Eliminating sugar from the diet protected mice from obesity and metabolic syndrome. A high sugar - high fat diet depleted immune cells in the gut microbiome known as Th17. Researchers stated sugar can increase metabolic disease through suppression of beneficial bacteria in the microbiome.
ABSTRACT
How intestinal microbes regulate metabolic syndrome is incompletely understood. We show that intestinal microbiota protects against development of obesity, metabolic syndrome and pre-diabetic phenotypes by inducing commensal-specific Th17 cells. High-fat, high-sugar diet promoted metabolic disease by depleting Th17-inducing microbes, and recovery of commensal Th17 cells restored protection. Microbiota-induced Th17 cells afforded protection by regulating lipid absorption across intestinal epithelium in an IL-17-dependent manner. Diet-induced loss of protective Th17 cells was mediated by the presence of sugar.

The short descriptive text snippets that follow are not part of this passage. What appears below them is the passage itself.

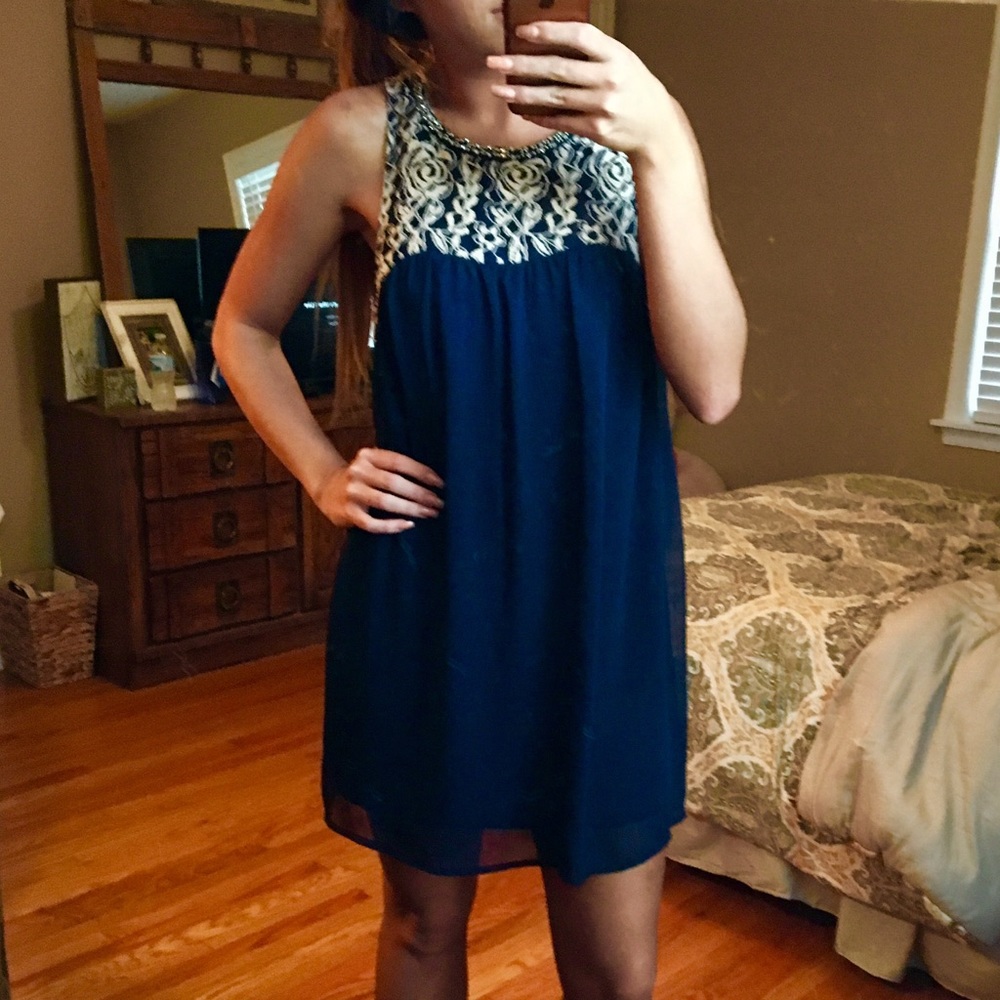 Navy flow dress with lace detailing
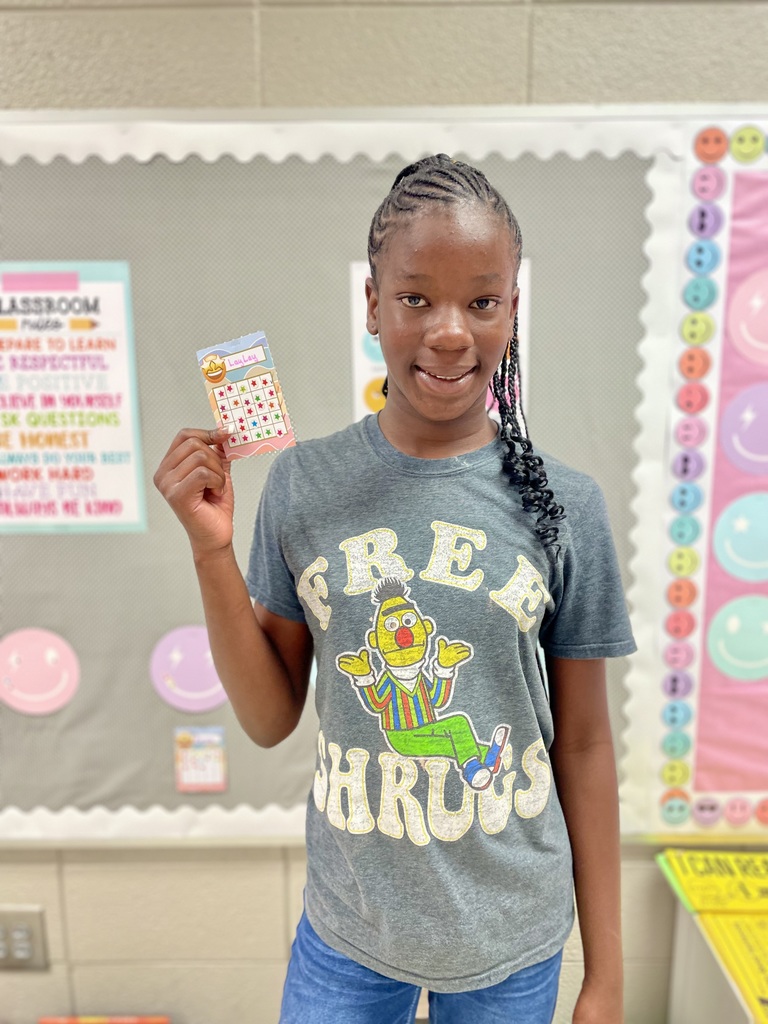 Malaysia posing with her reading card fiilled up and completed.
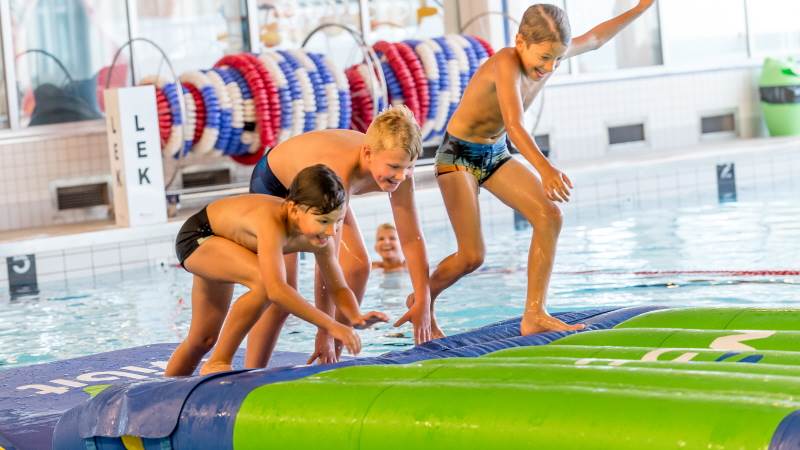 Pojkar hoppar i vattnet i Torvalla simhall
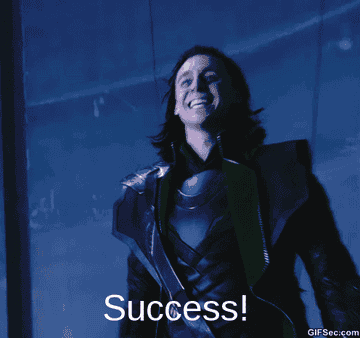 Loki throwing his arms in the arm and declaring success!
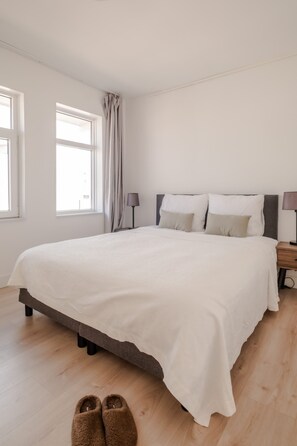 Une chambre avec un grand lit, deux tables de chevet, une fenêtre avec des rideaux et une paire de chaussons posés sur le sol.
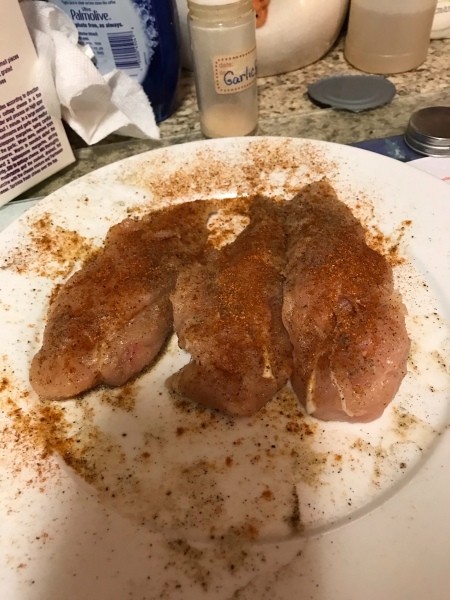 Chicken breasts pounded flat with seasoning.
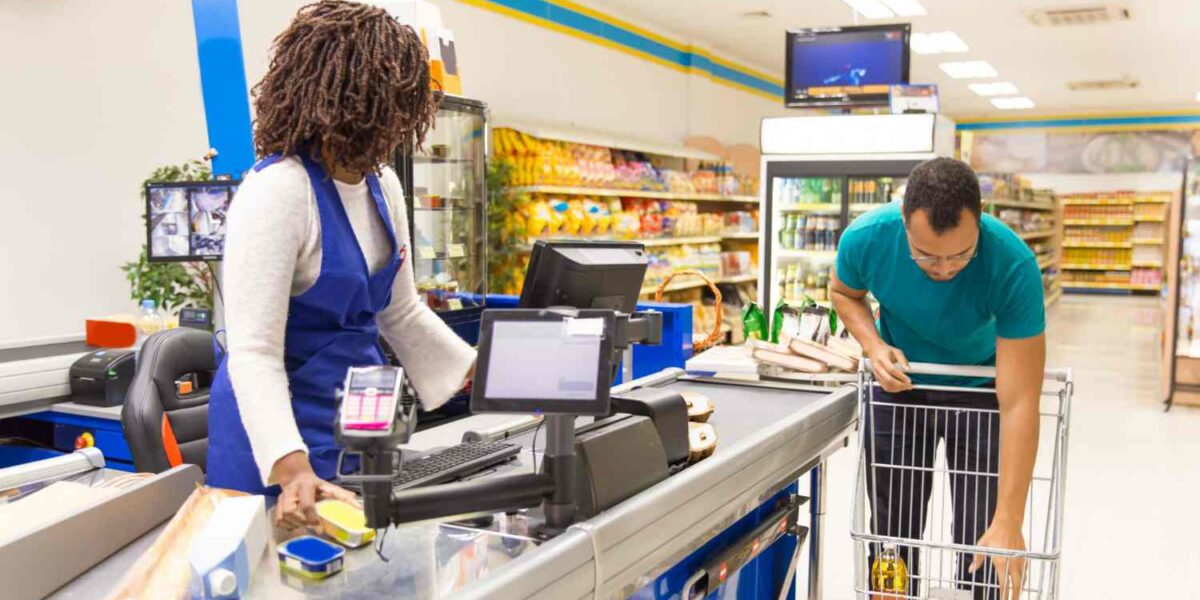 Convenience store owner helping customers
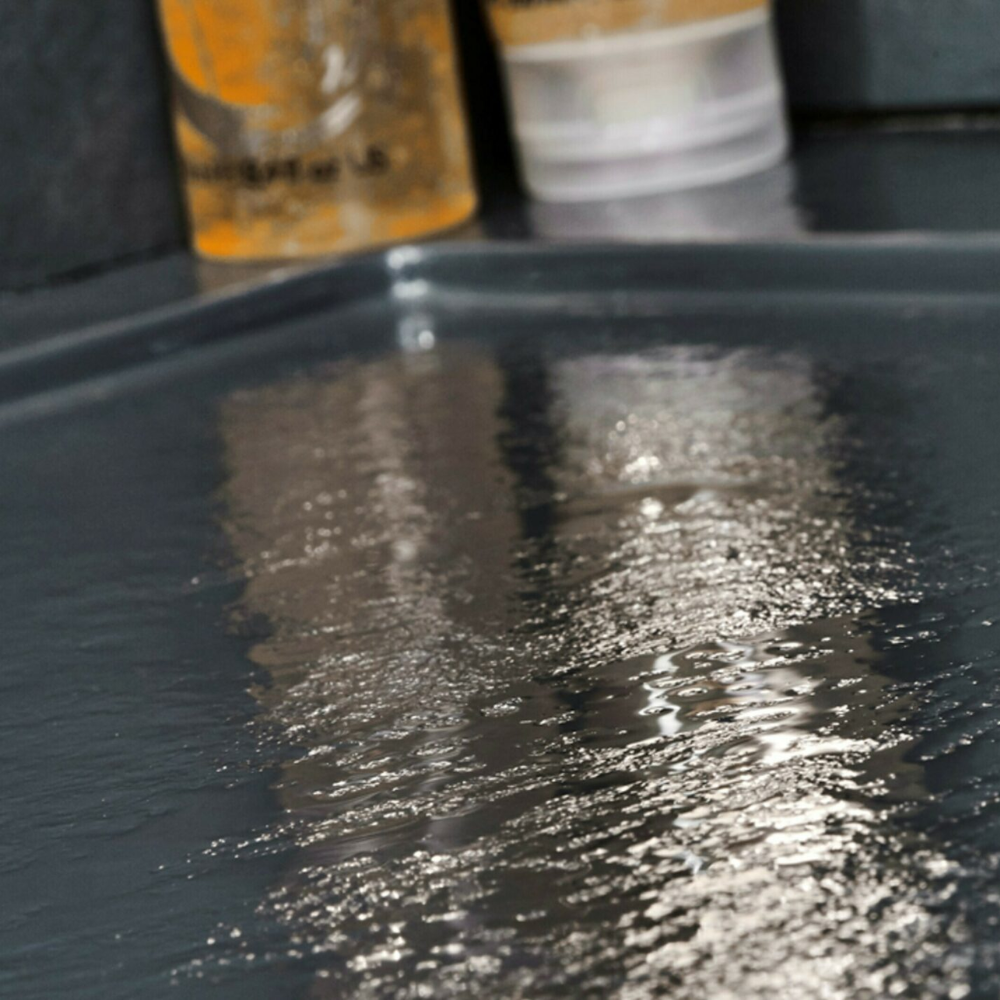 Wet black slate-effect shower tray with blurred bottles in background, surface glistening for fresh, clean look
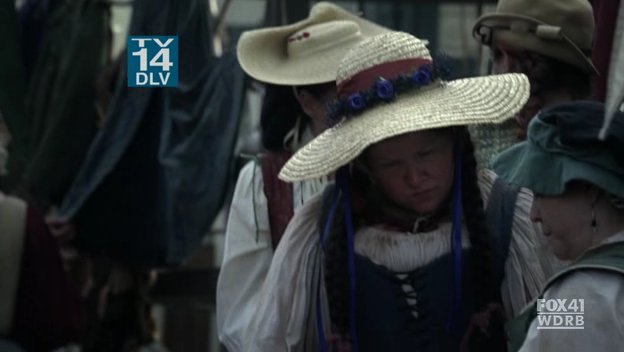 TV 14 warning and station logo over image of a crowd in renaissance faire costumes, the author is facing forward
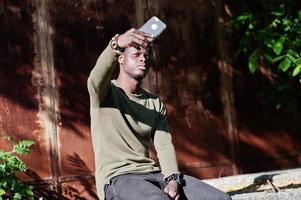 porträtt av en svart afrikansk amerikansk kille som sitter på det gamla staketet och använder sin smartphone. foto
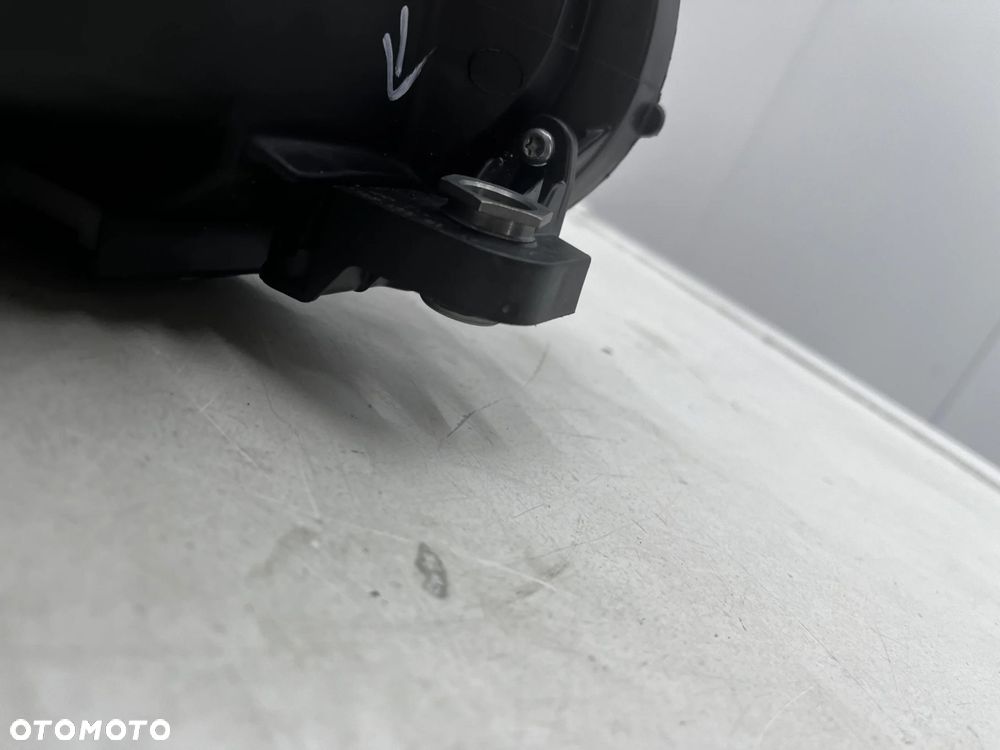 Lampa reflektor VW Tiguan 1 I 5n LIFT 10-16r. lewa przednia XENON EU skrętna doświetlanie zakrętów + - 16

Eliminating sugar from high-fat diet protected mice from obesity and metabolic syndrome in a manner dependent on commensal-specific Th17 cells. Sugar and ILC3 promoted outgrowth of Faecalibaculum rodentium that displaced Th17-inducing microbiota. These results define dietary and microbiota factors posing risk for metabolic syndrome. They also define a microbiota-dependent mechanism for immuno-pathogenicity of dietary sugar and highlight an elaborate interaction between diet, microbiota, and intestinal immunity in regulation of metabolic disorders.
Sugar in mouse diets promotes metabolic disease by upsetting the gut microbial balance and driving loss of the Th17 cells that regulate lipid absorption by the intestinal epithelium.